Direct WIMP identification: Physics performance of a segmented noble-liquid target immersed in a Gd-doped water veto

TL;DR

This paper assesses a segmented noble-liquid detector with Gd-doped water veto for direct WIMP detection, demonstrating its potential to significantly reduce neutron backgrounds and probe very low WIMP-nucleon cross sections.

Contribution

It introduces a novel detector design combining noble liquids and Gd-doped water for improved background rejection in WIMP searches.

Findings

Neutron background can be reduced to about 1 event per year per tonne.

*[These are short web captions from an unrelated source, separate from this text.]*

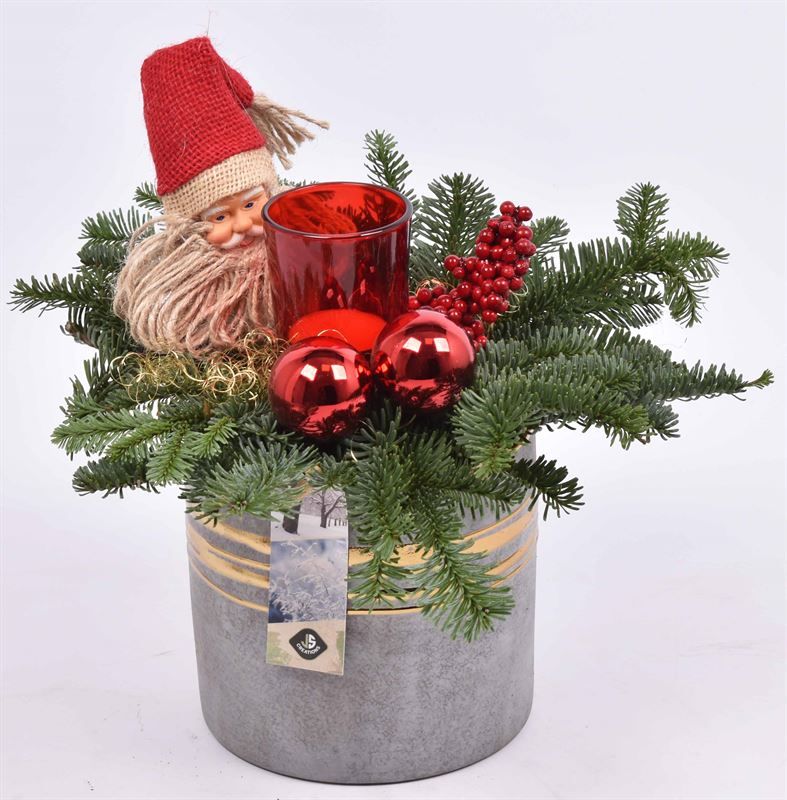 Cement sierpot met goud 14cm, D 14 cm Cement sierpot met goud 14cm, D 14 cm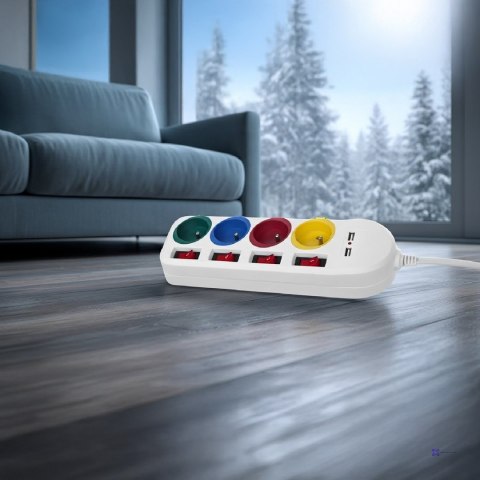 MACLEAN LISTWA ZASILAJĄCA 4 GNIAZDA 2XUSB MCE229W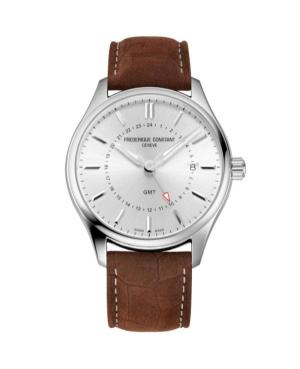 Men Klasické Luxury Swiss Quartz Analog Watch FREDERIQUE CONSTANT FC-252SS5B6 Silver Dial 40mm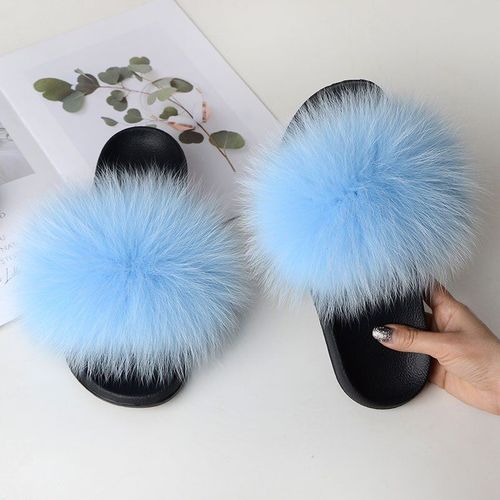 Pantoufles En Fourrure De Renard Vritable Pour Femmes, Chaussures Dcontractes, Plates, Antidrapantes, Grande Taille, Sandales En Fourrure, Livraison Gratuite, t - 39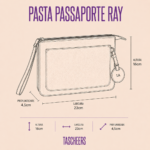 Pasta para passaporte e documentos de couro legítimo Ray By Tascheers com formato slim, aberturas organizadoras e acabamento artesanal premium.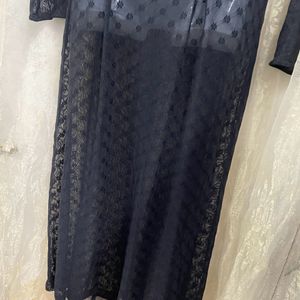 Black Georgette See Through Dress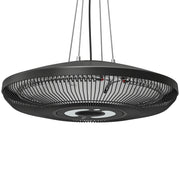 Outsunny hanging infrared patio heater in black, studio view from below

A 1-tonne-year exposure can exclude WIMP-nucleon cross sections down to 10^{-10} pb.

The detector design is effective for direct dark matter detection with low background levels.

Abstract

We evaluate background rejection capabilities and physics performance of a detector composed of two diverse elements: a sensitive target (filled with one or two species of liquefied noble gasses) and an active veto (made of Gd-doped ultra-pure water). A GEANT4 simulation shows that for a direct WIMP search, this device can reduce the neutron background to O(1) event per year per tonne of material. Our calculation shows that an exposure of one tonne $\times$ year will suffice to exclude spin-independent WIMP-nucleon cross sections ranging from $10^{-9}$ pb to $10^{-10}$ pb.